§ ASSIGNMENT
Find the "Pakiet MIĘDZYNARODOWY + KOMÓRKOWY Pakiet" line in the records below and repeat it and every later line exactly, up to the last; do not include pictures.

§ RECORDS SHOWN
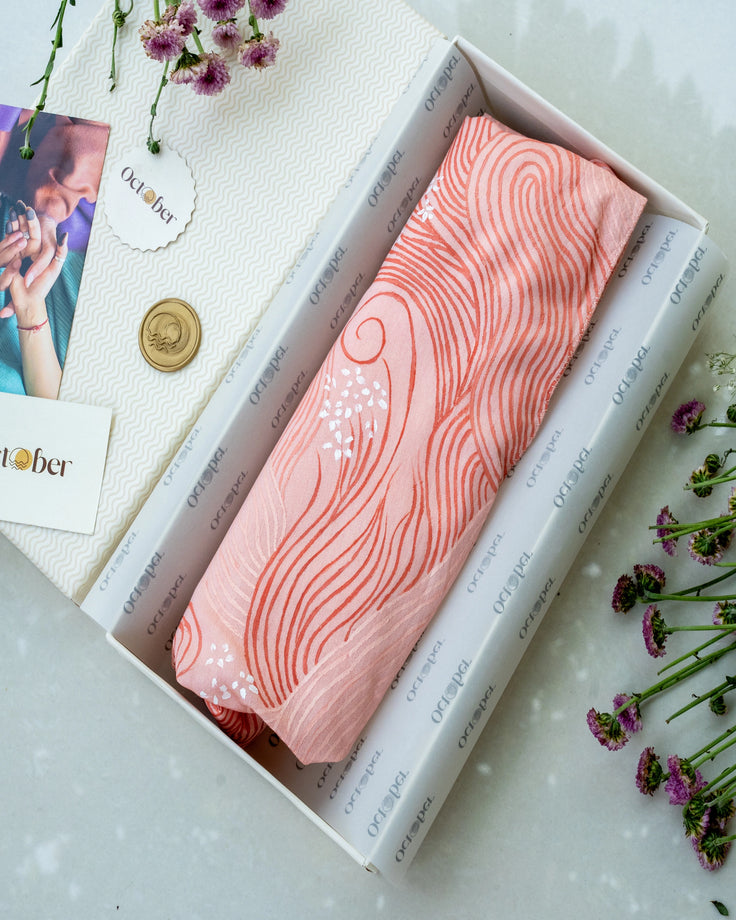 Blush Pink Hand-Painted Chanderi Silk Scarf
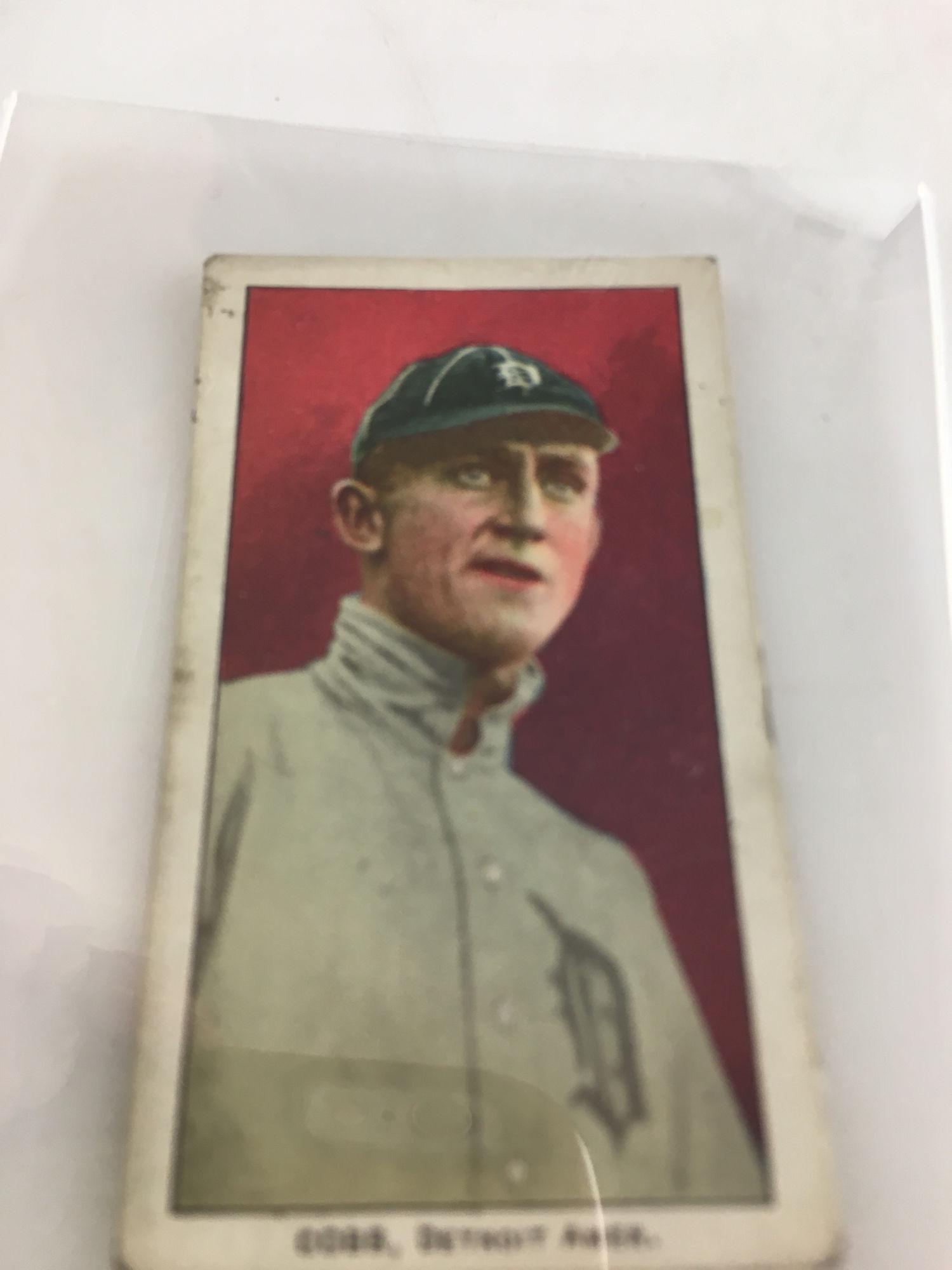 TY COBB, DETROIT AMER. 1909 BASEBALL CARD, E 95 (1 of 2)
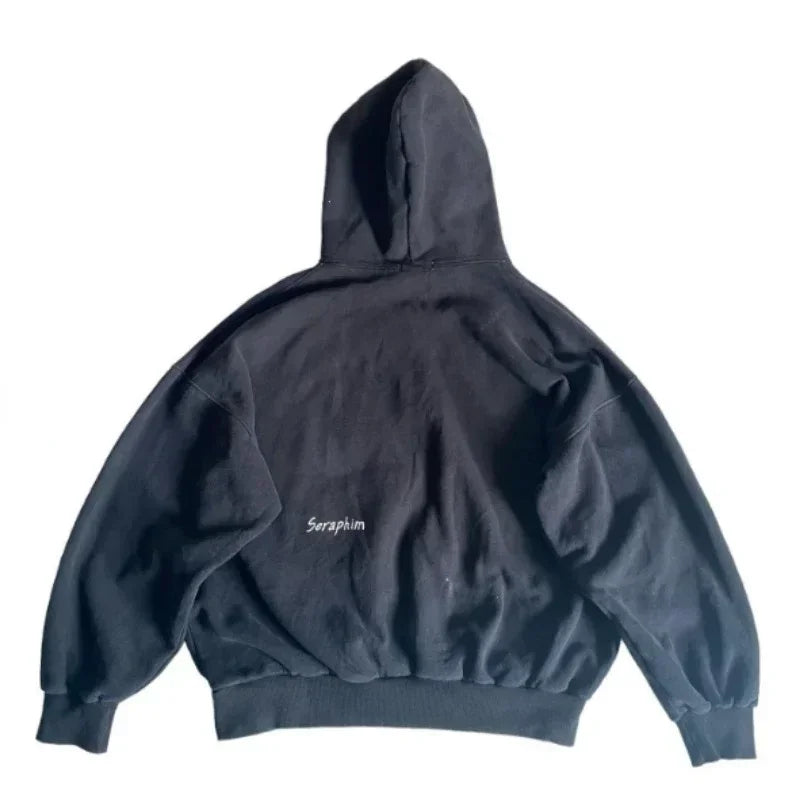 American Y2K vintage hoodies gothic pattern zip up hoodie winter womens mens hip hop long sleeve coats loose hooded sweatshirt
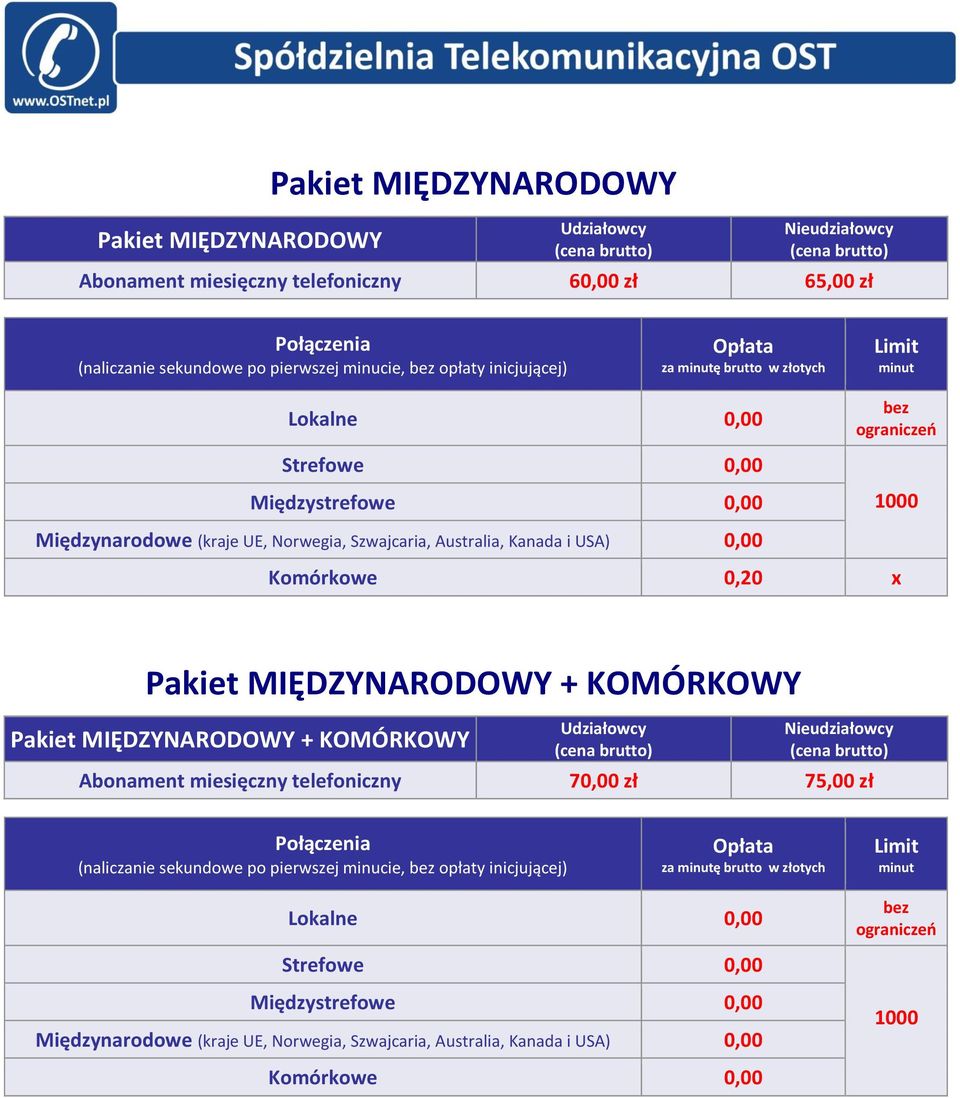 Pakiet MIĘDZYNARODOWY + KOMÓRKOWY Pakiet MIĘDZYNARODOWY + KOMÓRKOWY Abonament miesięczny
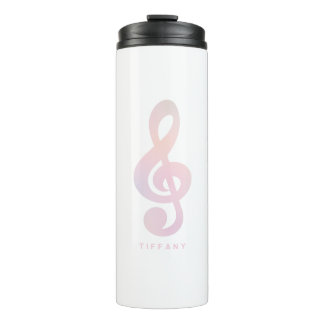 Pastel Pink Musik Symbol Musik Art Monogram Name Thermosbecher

§ COMPLETED TASK
 Pakiet MIĘDZYNARODOWY + KOMÓRKOWY Pakiet MIĘDZYNARODOWY + KOMÓRKOWY Abonament miesięczny
 Pastel Pink Musik Symbol Musik Art Monogram Name Thermosbecher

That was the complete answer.